Print every line of the material below exactly as it stands, but omit the pictures.

DATA EXTRACT.
· · ·

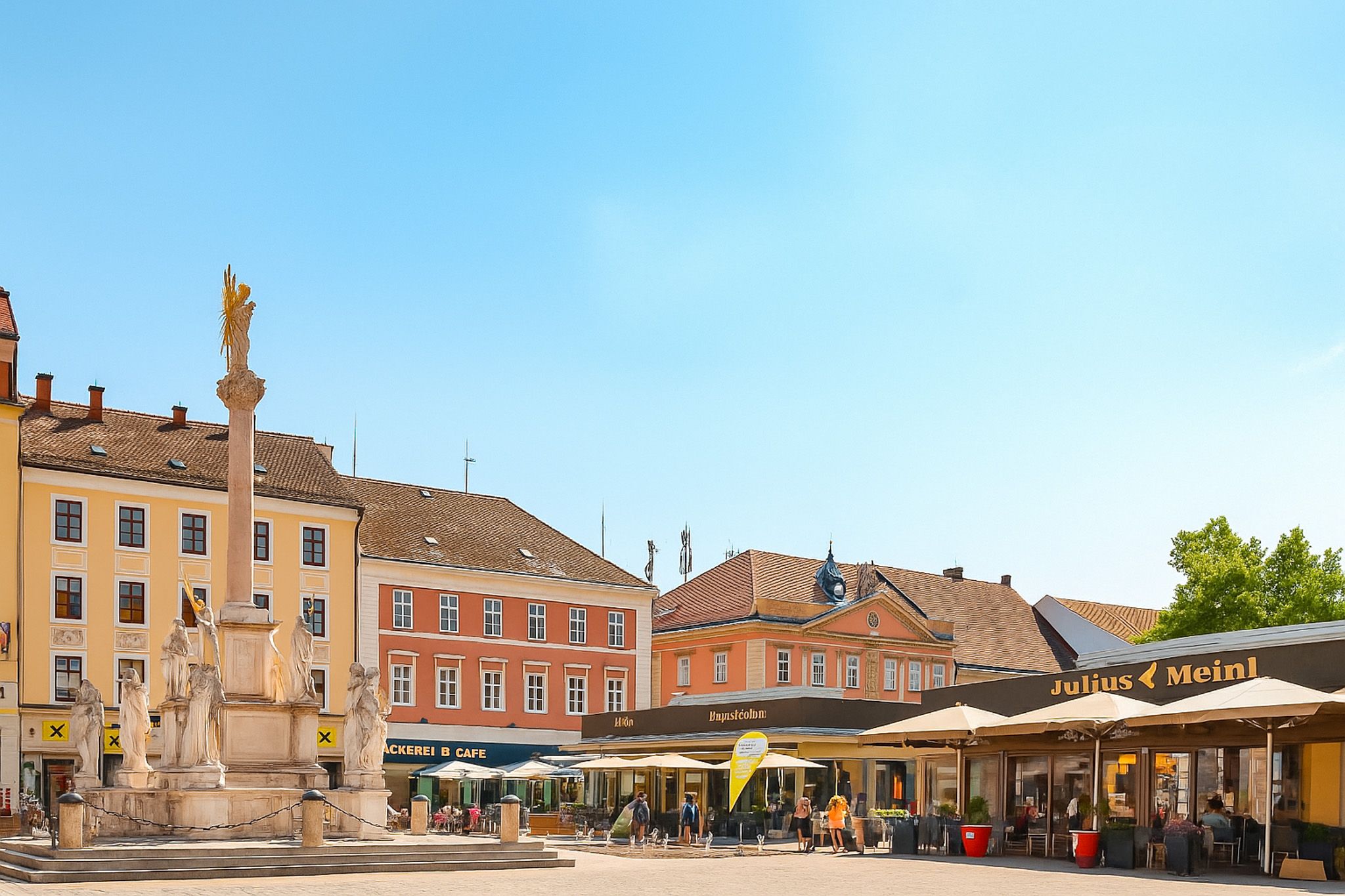 Blick auf sonnigen Hauptplatz und Marienmarkt von Wiener Neustadt 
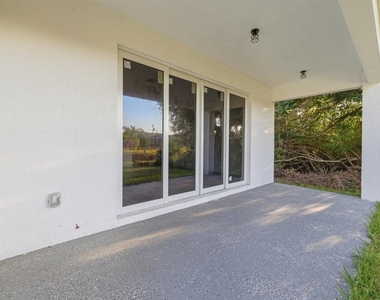 500 Sunset Road N - Photo Thumbnail 17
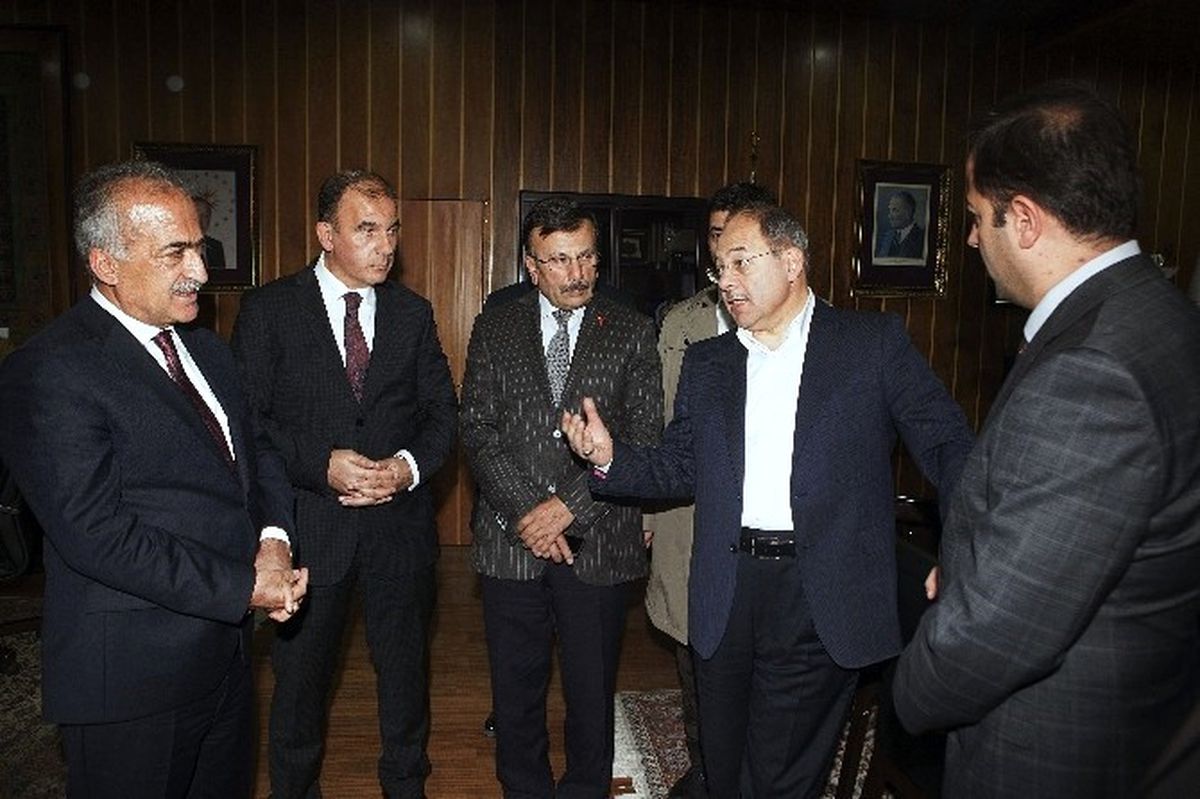 Sağlık Bakanı Akdağ, Rektör Çomaklı\'yı Ziyaret Etti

· · ·

SOLUTION TO THIS TASK.
 Blick auf sonnigen Hauptplatz und Marienmarkt von Wiener Neustadt 
 500 Sunset Road N - Photo Thumbnail 17
 Sağlık Bakanı Akdağ, Rektör Çomaklı\'yı Ziyaret Etti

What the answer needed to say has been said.